Other aspects of dress code to consider are the fact that your employees may need breaks to change their clothing as the day progresses. The use of a binder, for example – a piece of clothing used to compress and hide the appearance of breasts – can become unsafe if the binder is worn for longer than 6-8 hours, especially if worn daily. If your employees feel safe from scrutiny about their appearance and/or need to take extra breaks, they will be less likely to suffer injury by overexerting themselves.

Benefits

Proper benefits are a top perk for many, and for trans+ employees they can be life-changing. Not only is access to transition-related care vital, so is adequate coverage of mental health, dental care, and other resources. Trauma often comes hand-in-hand with marginalized identities, and unfortunately poverty and medical discrimination often do as well. If your workplace offers decent pay, plus substantial trans-inclusive medical coverage, it may very well be your employees’ first opportunity to get long overdue medical, psychological, and dental care. Provide them not only with these benefits, but adequate PTO so that they can actually make use of them.

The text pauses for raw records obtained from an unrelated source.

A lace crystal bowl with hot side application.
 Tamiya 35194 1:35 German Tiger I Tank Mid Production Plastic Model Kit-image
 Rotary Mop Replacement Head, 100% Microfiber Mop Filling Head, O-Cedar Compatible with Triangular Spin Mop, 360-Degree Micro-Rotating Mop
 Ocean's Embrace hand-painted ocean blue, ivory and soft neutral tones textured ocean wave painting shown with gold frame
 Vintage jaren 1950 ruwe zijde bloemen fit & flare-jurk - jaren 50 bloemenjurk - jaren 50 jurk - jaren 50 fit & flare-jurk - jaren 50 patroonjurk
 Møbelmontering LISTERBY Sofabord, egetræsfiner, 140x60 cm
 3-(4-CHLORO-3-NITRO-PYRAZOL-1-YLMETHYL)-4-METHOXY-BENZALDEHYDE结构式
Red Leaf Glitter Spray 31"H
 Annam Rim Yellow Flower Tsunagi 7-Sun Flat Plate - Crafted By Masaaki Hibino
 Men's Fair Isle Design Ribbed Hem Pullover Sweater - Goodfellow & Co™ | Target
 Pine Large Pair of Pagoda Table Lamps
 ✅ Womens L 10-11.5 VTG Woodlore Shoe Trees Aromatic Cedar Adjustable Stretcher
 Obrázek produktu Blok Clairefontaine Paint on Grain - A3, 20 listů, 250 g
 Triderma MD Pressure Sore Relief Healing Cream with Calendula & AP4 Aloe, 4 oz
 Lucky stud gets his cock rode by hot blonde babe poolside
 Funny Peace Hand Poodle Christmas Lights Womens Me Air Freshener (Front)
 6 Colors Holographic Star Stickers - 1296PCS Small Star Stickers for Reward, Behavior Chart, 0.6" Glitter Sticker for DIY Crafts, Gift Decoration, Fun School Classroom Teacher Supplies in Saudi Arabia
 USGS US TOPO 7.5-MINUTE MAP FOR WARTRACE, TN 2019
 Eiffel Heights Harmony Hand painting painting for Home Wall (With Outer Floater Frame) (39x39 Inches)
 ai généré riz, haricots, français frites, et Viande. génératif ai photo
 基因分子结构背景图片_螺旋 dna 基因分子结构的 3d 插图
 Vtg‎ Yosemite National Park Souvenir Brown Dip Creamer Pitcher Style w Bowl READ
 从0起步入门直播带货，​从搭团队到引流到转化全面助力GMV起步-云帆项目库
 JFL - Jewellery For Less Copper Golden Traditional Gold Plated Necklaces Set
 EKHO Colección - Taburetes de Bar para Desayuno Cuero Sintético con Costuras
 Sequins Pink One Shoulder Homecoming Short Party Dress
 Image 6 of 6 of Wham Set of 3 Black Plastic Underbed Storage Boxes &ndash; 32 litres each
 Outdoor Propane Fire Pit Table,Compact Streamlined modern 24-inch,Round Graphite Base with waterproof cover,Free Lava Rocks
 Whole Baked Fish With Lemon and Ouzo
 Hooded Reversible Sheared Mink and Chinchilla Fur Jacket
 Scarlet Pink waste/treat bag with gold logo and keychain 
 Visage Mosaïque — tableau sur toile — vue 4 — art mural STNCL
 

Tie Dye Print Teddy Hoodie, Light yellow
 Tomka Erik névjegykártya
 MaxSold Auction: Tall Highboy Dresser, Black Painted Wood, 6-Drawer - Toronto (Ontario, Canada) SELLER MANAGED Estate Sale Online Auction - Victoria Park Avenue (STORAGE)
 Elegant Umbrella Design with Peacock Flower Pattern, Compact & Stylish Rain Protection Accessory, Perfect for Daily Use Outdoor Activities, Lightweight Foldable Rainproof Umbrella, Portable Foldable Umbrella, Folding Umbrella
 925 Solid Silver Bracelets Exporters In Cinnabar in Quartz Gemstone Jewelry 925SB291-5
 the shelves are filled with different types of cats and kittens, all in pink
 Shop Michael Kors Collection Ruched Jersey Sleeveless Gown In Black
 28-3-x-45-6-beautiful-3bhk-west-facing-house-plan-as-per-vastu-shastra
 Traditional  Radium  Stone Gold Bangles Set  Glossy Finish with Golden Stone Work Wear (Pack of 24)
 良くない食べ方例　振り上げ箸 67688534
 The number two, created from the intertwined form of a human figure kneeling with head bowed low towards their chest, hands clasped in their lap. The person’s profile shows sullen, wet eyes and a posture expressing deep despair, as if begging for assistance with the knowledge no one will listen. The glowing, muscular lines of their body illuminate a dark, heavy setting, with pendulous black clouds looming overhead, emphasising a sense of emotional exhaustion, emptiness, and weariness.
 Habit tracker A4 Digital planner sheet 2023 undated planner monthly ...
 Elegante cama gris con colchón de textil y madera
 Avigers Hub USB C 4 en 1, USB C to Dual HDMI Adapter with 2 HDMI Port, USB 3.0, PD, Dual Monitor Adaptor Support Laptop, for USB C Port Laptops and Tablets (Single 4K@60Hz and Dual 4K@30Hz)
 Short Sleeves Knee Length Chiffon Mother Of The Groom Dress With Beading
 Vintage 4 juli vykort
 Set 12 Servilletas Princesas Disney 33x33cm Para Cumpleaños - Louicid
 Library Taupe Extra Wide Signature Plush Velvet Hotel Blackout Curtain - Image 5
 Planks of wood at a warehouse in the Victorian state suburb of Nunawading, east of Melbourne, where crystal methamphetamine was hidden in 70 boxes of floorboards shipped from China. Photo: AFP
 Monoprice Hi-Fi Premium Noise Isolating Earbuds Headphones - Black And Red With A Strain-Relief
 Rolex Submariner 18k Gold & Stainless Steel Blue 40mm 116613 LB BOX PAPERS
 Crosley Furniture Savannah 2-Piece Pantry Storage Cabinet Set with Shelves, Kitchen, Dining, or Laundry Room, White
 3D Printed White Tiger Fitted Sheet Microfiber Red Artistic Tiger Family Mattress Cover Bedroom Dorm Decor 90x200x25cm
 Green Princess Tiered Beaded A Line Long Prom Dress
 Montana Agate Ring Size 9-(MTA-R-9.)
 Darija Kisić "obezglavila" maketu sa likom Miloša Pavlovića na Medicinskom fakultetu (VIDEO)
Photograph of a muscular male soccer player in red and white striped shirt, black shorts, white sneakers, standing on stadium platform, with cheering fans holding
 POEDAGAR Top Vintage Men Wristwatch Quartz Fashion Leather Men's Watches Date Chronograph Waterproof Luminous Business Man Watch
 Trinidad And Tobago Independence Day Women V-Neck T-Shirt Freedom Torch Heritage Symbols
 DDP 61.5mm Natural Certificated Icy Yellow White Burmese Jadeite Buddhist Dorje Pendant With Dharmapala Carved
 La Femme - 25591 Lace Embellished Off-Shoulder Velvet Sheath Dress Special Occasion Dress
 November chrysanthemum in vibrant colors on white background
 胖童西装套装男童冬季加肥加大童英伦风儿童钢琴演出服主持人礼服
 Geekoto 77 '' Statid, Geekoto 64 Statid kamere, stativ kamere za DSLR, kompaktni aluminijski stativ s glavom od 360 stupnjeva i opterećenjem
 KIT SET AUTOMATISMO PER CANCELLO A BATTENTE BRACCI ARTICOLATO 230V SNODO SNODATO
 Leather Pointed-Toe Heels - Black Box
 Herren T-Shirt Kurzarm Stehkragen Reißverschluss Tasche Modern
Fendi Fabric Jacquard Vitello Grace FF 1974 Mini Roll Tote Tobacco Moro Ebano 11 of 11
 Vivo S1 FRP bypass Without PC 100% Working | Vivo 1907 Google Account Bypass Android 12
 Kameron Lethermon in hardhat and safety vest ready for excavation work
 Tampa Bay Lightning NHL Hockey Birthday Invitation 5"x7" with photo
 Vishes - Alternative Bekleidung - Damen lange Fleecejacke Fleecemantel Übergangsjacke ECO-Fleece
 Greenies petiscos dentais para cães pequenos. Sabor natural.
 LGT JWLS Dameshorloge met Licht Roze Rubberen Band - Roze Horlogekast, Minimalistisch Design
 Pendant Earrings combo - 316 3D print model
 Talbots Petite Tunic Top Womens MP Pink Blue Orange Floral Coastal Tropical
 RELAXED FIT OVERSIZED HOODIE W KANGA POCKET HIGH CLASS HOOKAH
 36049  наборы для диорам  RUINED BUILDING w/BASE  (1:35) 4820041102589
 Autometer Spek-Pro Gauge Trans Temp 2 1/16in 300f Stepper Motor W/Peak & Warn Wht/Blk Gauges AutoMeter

Expect and accommodate change

Being trans, non-binary, or GNC is almost by definition a journey of self-discovery, , and our culture shows it. Frequently adapting clothing and makeup styles, gender expressions, hair colors and lengths – being trans is about embracing change and non-conformity. We would not be who we are without it. As a trans+ person becomes more comfortable with themselves (or with their environment), you may see remarkable changes in their fashion, physical appearance, and demeanor. This is a good thing, and should be both encouraged and accepted as normal workplace culture, even if they seem unusual or confusing. Perhaps Mark comes to work in a wig and skirt for the first time. Sophia is exhausted and hasn’t shaved her facial hair in a week. Katarini is now sporting stubble and goes by he/they pronouns. You hear that someone in HR has changed their name to Pocket.

These choices don’t have to make sense to you in order to be respected. These are serious, life-affirming choices, made by adults who are extremely aware of the potential social repercussions. Compliment Mark’s fashion sense, buy Sophia a coffee, practice using everybody’s new names and pronouns with your coworkers, and make sure the rest of your company does the same. There’s nothing you need to do other than accept this as part of your workplace’s new normal.

Accept personal responsibility for your education

This is arguably the most important point to abide by. Learning to embrace and support any marginalized group is a life-long lesson in active listening, and humility. Like housework and hygiene, acceptance and education is a life-long, daily process. You are going to mess up. You are going to offend. You are going to experience failure. What matters is what you do next. Don’t get swept away in feelings of shame or failure. Things to avoid can include:

  • aggressively and/or profusely apologising
  • Getting visibly upset when an apology is not accepted
  • Repeatedly or emotionally telling a trans/nb/gnc person how hard the experience is for you
  • Writing off a trans+ coworker because they got upset with you (ie not offering the same forgiveness to trans+ people that you do to cis people)
  • Giving up because you’re “not doing it right”
  • Constantly asking questions without checking for enthusiastic consent to educate
  • Any invasive/non work appropriate questions/comments/jokes

It never feels good to make a mistake or be told that you’re offensive, especially when you’re actively trying to improve. However, it’s important to recognize that any marginalized person who corrects you has likely fought against a lot of fear and trauma to do so. Take it as a sign that they believe you can do better. Remain professional, and do your own research with the goal to improve, not impress. Through your improvement, you can show them their trust in you was correct.